If 90% of people are going to get married, some of them are going to be duds.

It’s not possible for almost everybody to get married and everybody to get a superstar.
 
You have the pro-submission ppl, who basically make out that any man not interested in his wife’s submission is a cuck.
They usually also assume that these couples with some kind of “unconventional” (to them) arrangement must be unhappily married, and/or are giving their children wrong ideas, and/or are heading to hell in some other way.

I really have no problem with how people want to run their own marriages if it works for them to be happy and stay married. I have known women who want and even need their husband to tell them what to do and basically be “daddy” to them. They are happy. That’s fine. I wasn’t raised to be that way and I’m not that way. I have a different arrangement which works for me. Also fine.
 
If there’s anything I have learnt here, it’s that all marriages are incredibly different because we are all incredibly different.

I would be utterly miserable in a marriage where I’m not an equal, but someone else here might enjoy a very traditional arrangement. I also noticed some say that they submit to their husband but they end up describing a very common egalitarian marriage. Some say that there are no heads in the family, but they describe a complementarian one.

When everyone is expected to follow a rigid template, things can get ugly. I don’t know if it’s safe to say that all of those verses about submission aren’t a ‘commandment’ but more of a guideline to ensure some sort of harmony in the marriage. Like the way to follow it would be up to the couple, hence it will look different for each marriage.

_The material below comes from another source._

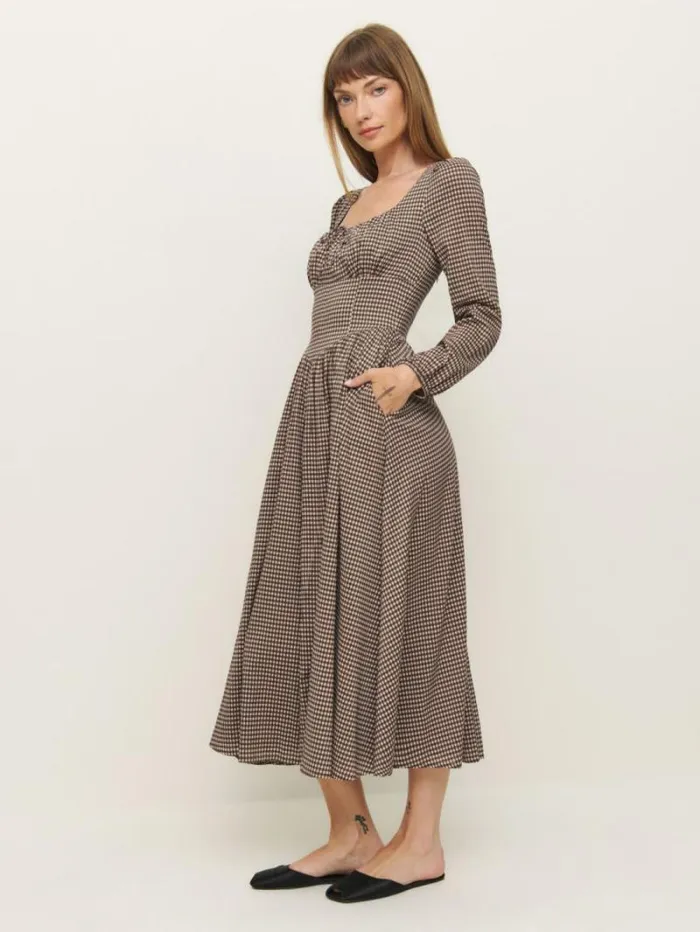 The Reformation Oria Dress Tartine Check 8211 Clothing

It’s definitely not a popular opinion here, but it does seem like emphasising patriarchy in a patriarchal society while trying to ensure that wives are not abused by it is a win win for early Christianity.
 
I’d suggest you read the classic by Fulton J Sheen “Three To Get Married”. Then read the lives of married saints. These will give you a better idea than “well, once my husband wanted to have roast beef, I wanted to have chicken but we had roast beef because I wanted to give him that tiny kindness.”
 
It’s not possible for almost everybody to get married and everybody to get a superstar.
But it is possible for every Catholic person, with the Grace of the Sacraments, to have a Godly marriage.
 
They usually also assume that these couples with some kind of “unconventional” (to them) arrangement must be unhappily married, and/or are giving their children wrong ideas, and/or are heading to hell in some other way.
Whereas, back in reality, there are both happy and unhappy marriages of different kinds.
 
But it is possible for every Catholic person, with the Grace of the Sacraments, to have a Godly marriage.
I’m not so sure.

There is such a thing as mental illness.

Plus, while it takes only one person for virtue, it takes two virtuous, fully functioning people to have a good marriage.
 
Yes, there is mental illness. Mental illness can impact to the point where the person cannot make a valid marriage. Illnesses may arise after the wedding, and then that “in sickness and in health” clause steps in. Sometimes the illness is so severe that the couple must separate. As they say, hard cases make bad law.

It is POSSIBLE for every Catholic person, with the Grace of the Sacraments, to have a Godly marriage. “Possible” does not mean it happens every time, but, with God ALL things are possible.